ARCHIVE Reference Guide

The TICS analysis scope is — among other things — determined by a so-called ARCHIVE file. (Other contributing factors are the specified file extensions for languages and build types specified in the SERVER.yaml). The ARCHIVE file is optional and describes a FILEFILTER on a global or project level that contains a description what files in the archive should be processed by TICS. This prevents unwanted files to be scanned and can provide considerable performance improvements by skipping deep directory structures that are known not to contain any relevant files.

To use an ARCHIVE file first create a .txt file in the configuration directory using the syntax described below. The name of the ARCHIVE file has to be specified in either the SERVER.yaml to apply the filters globally or the PROJECTS.yaml to apply the filters to a specific project.

Syntax of the ARCHIVE file

The file can contain the following entries (each at most once):

  1. 'FILE' => expr
  2. 'DIR' => expr
  3. 'TESTCODE_FILE' => expr
  4. 'TESTCODE_DIR' => expr
  5. 'EXTERNAL_FILE' => expr
  6. 'EXTERNAL_DIR' => expr
expr ::=
    expr || expr
  | expr && expr
  | !expr
  | (expr)
  | "regexp"

regexp ::= a regular expression

Two styles of comments are allowed, so one can add remarks to the expressions:

Allowed regular expressions

The flavor of regular expressions allowed is the Perl Regular Expressions (or Perl Compatible Regular Expressions — PCRE). The most important bits are summarized below.

Meta characters outside character class
char meaning
\ escape or special
^ start of string
$ end of string
. any character
* match zero or more times (longest match)
+ match one or more times (longest match)
? match zero or one times
*? match zero or more times (shortest match)
+? match one or more times (shortest match)
| alternative
[] character class
Meta characters inside character class
char meaning
\ escape or special
^ negate the class (only if the first character)
- range of characters
Special notations
special meaning
\b word boundary (zero-width assertion)
\B non-word boundary (zero-width assertion)
\w word character
\W non-word character
\d digit
\D non-digit
\s whitespace
\S non-whitespace

Examples follow below.

The 'FILE' versus 'DIR' archive expressions

All 'FILE' and 'DIR' expressions are optional. When omitted, any path is accepted.

Use 'FILE' to declare boolean predicates that describe whether a file path is accepted (predicate returns true) or rejected (predicate returns false).

The 'FILE' expression is used to filter files returned by the transitive file search from a given project. Only those files that match the expression are kept. All other files are discarded.

Use 'DIR' to prune the search space. This is useful to speed up the traversal in large file/directory trees. The predicates expressed here are evaluated during directory traversal. Only directories matching the predicate are included in the search. Directories that do not match the predicate are not traversed any further. Therefore, no files in such directory subtrees are included.
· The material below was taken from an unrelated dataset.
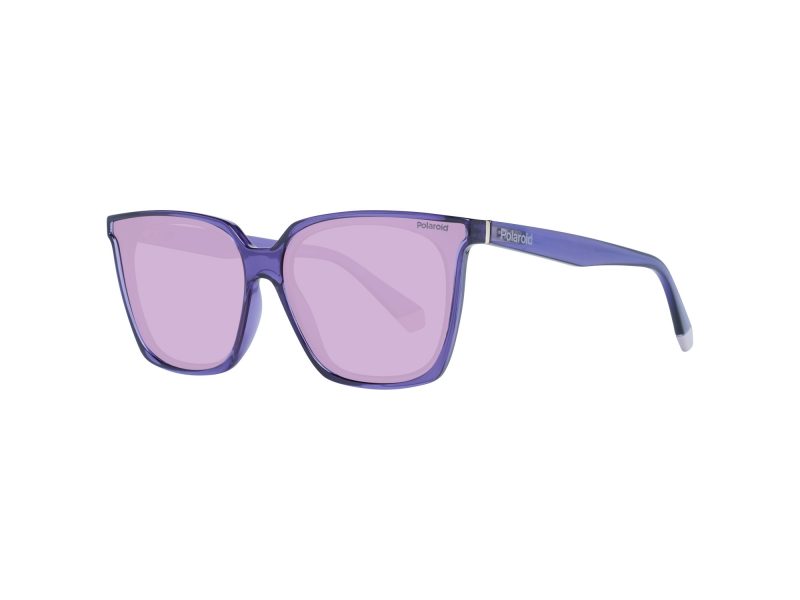 Polaroid PLD 6160/S B3V/0F 62 Women sunglasses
The 'DIR' expression can be used to restrict the search space during collection on large directory structures. This can be useful in case of very large archives — where file system traversal is very costly — to speed up the process. The 'DIR' expression should only be used to improve the performance.

For example, although one can prevent TICS from analyzing files in '.svn' directories by using 'FILE' => !"/\.svn/", this 'FILE' expression does not prevent TICS from scanning all files and folders in such directories transitively, which can be costly depending on the number of files in the directory structure and the file system's performance. The 'DIR' expression is used to improve performance.

An important difference between the 'DIR' and 'FILE' archive expressions is that the 'DIR' expression is evaluated for every (intermediate) directory during directory traversal, whereas the 'FILE' expression is evaluated on the complete file path.

Use 'FILE' and 'DIR' to set the scope of the project. Use 'TESTCODE_FILE' and 'EXTERNAL_FILE' to label the Code Type within the scope set by 'FILE' and 'DIR' (see below). Avoid using 'TESTCODE_DIR' and 'EXTERNAL_DIR' since these do not work well as labelling mechanisms.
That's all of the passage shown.